**Description of the task**
Transcribe exactly the lines from the one holding "凯恩世俱杯对阵摩纳哥一锤定音引领球队登顶展现巨星价值的决定性表现" through the closing line of the entries below. Pictures stay out of the copy.

**The data**
======
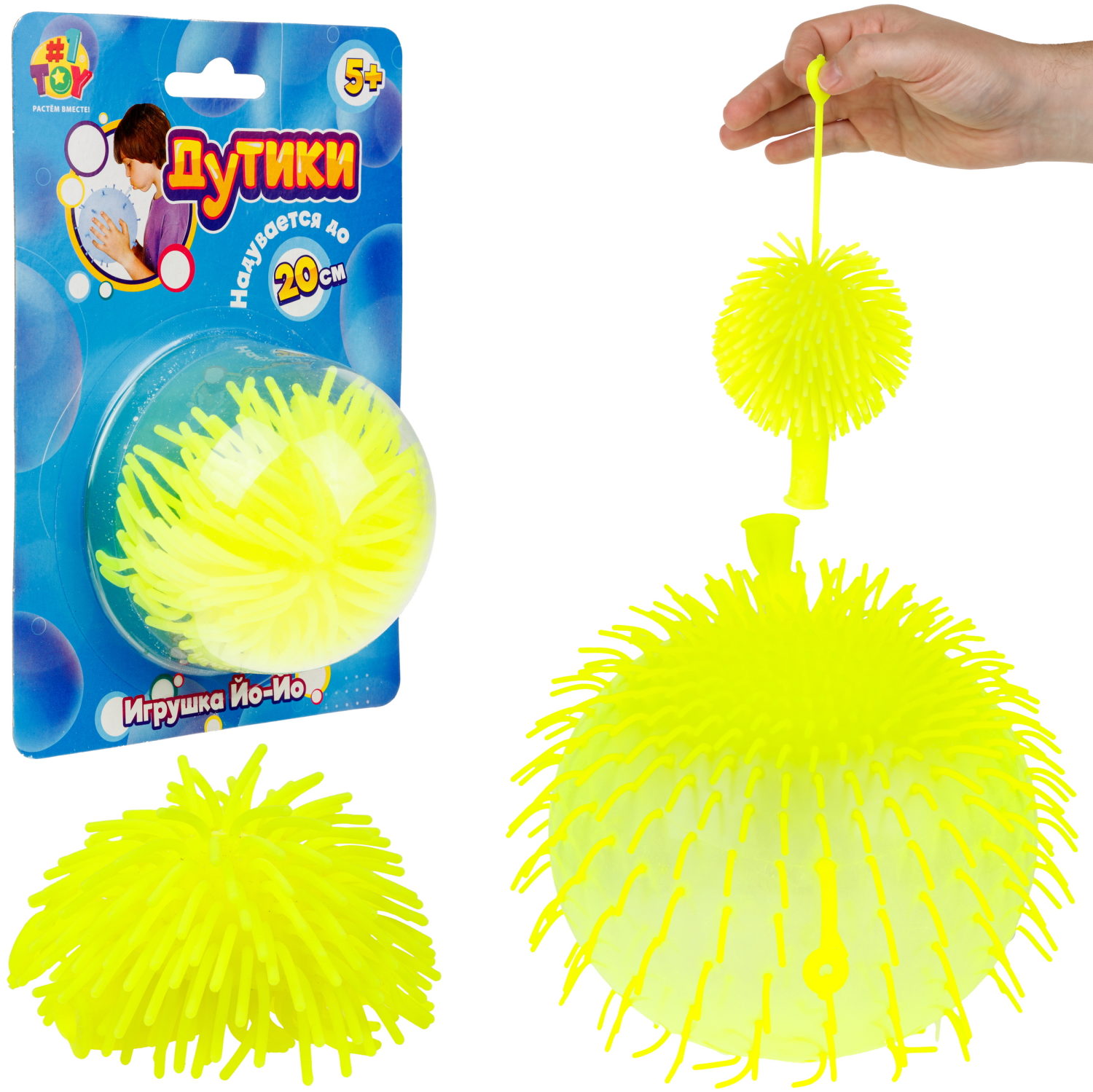 Игрушка ДУТИКИ 1TOY Ёжик йо-йо, максимальный размер 20 см, жёлтый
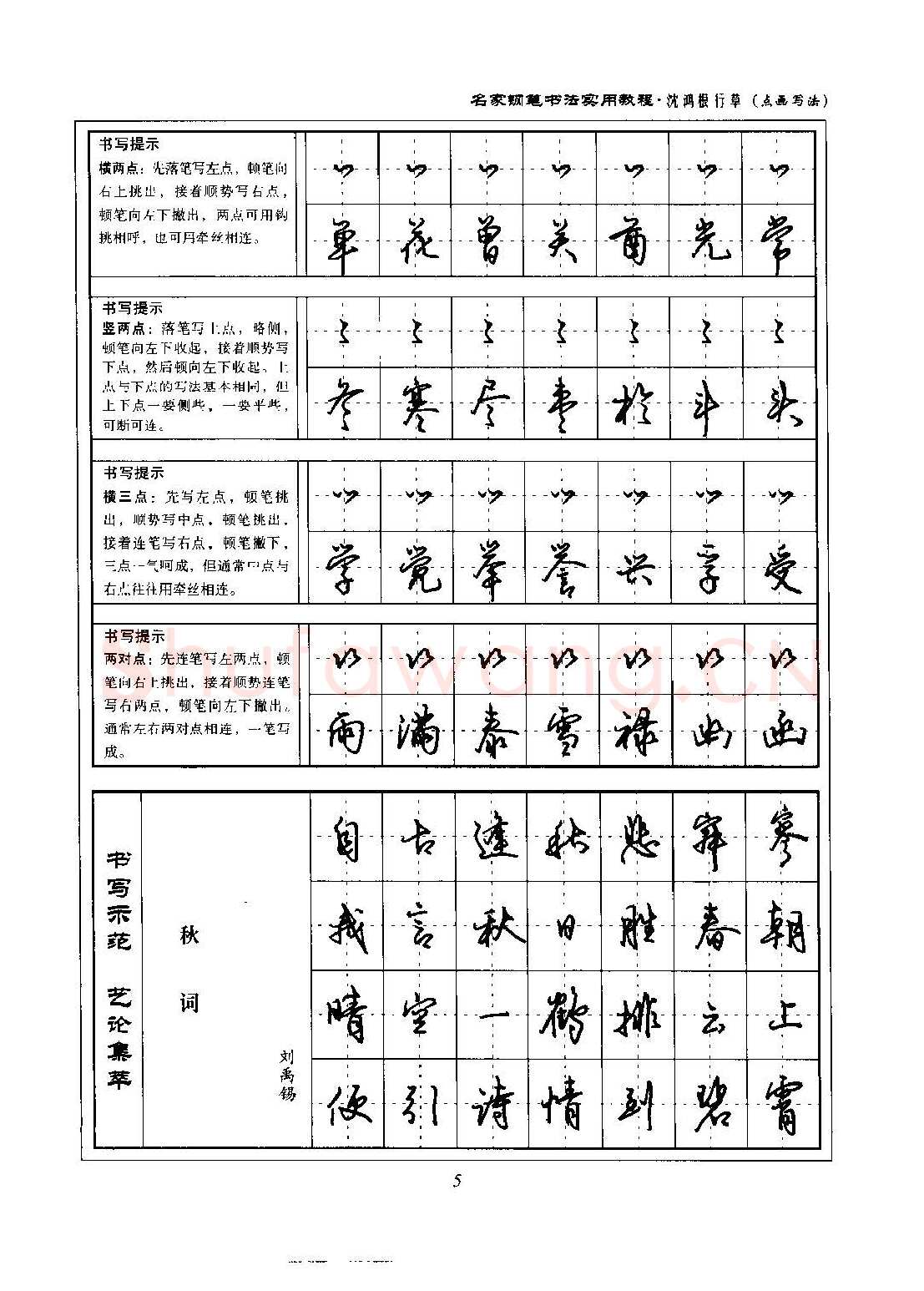 沈鸿根硬笔硬笔字帖,摘自沈鸿根 名家钢笔书法实用教程行草字帖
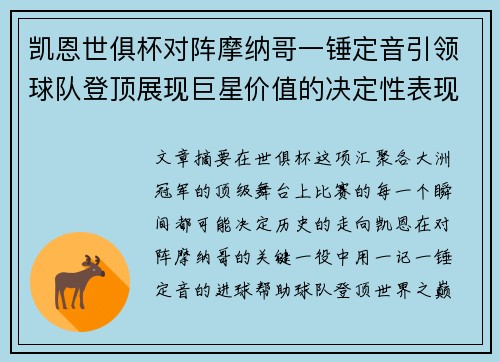 凯恩世俱杯对阵摩纳哥一锤定音引领球队登顶展现巨星价值的决定性表现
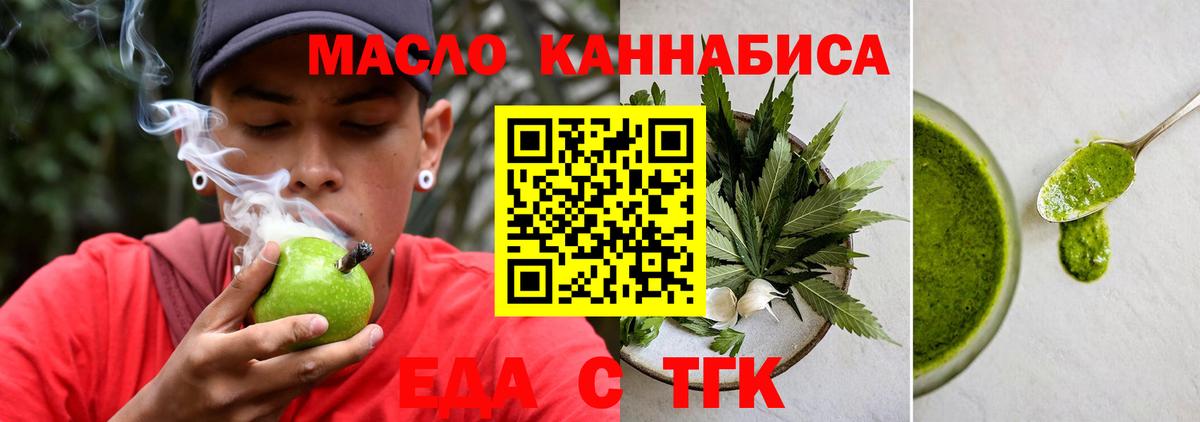 Печенье с ТГК конопля  Вход с VPN  Евпатория 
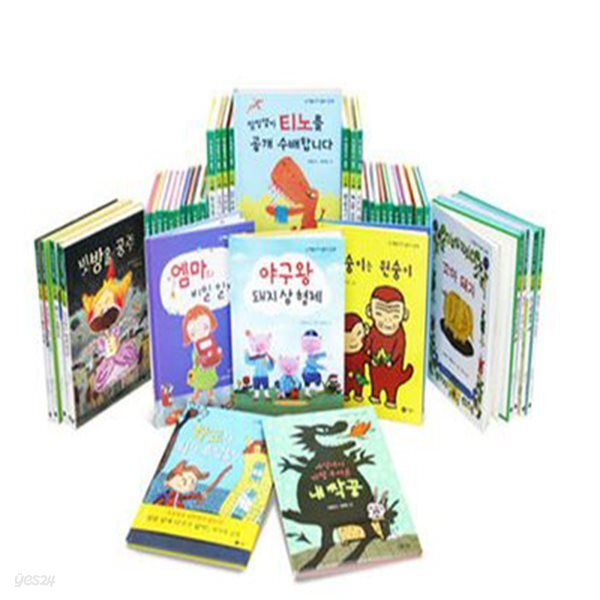 난 책 읽기가 좋아 저학년 창작 필독선 베스트 26권세트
======
**Answer below**
 凯恩世俱杯对阵摩纳哥一锤定音引领球队登顶展现巨星价值的决定性表现
 Печенье с ТГК конопля  Вход с VPN  Евпатория 
 난 책 읽기가 좋아 저학년 창작 필독선 베스트 26권세트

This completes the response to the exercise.